* _EXERCISE PROMPT_
Any pictures in the records below must be left out when you repeat the lines from the line containing "Sunflower App simgesi" through the line containing "Hermit Thrush - ML277040111" exactly.

* _SUPPLIED MATERIAL_
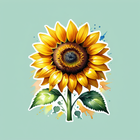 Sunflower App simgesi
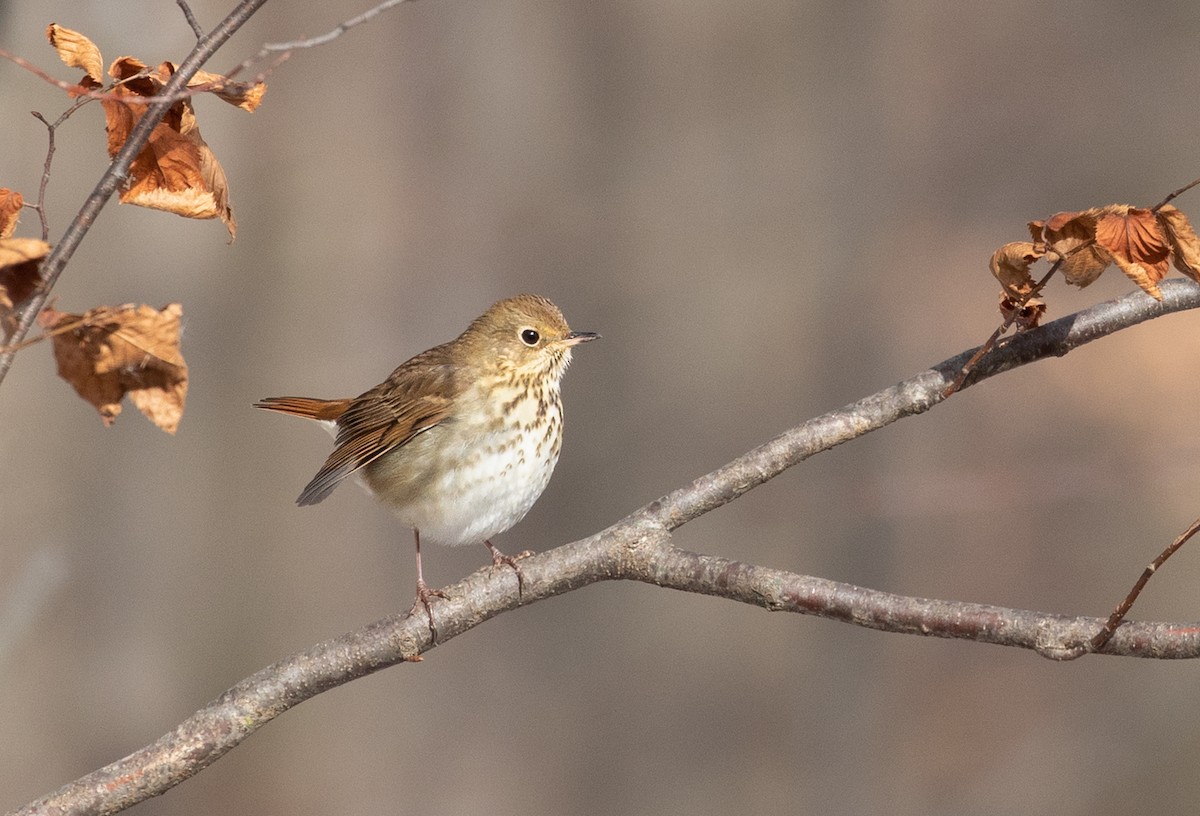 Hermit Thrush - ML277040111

* * *

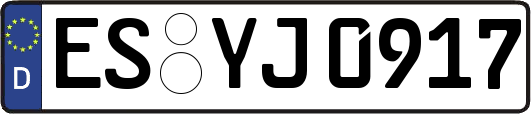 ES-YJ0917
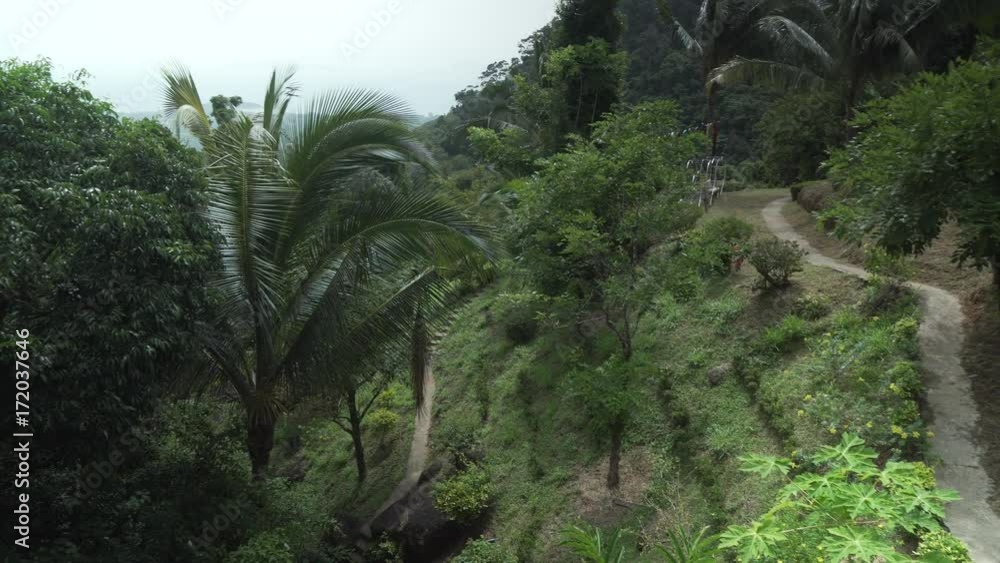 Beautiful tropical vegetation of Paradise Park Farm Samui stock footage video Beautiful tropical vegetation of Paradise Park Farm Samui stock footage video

* _ANSWER FOR THE TASK_
 Sunflower App simgesi
 Hermit Thrush - ML277040111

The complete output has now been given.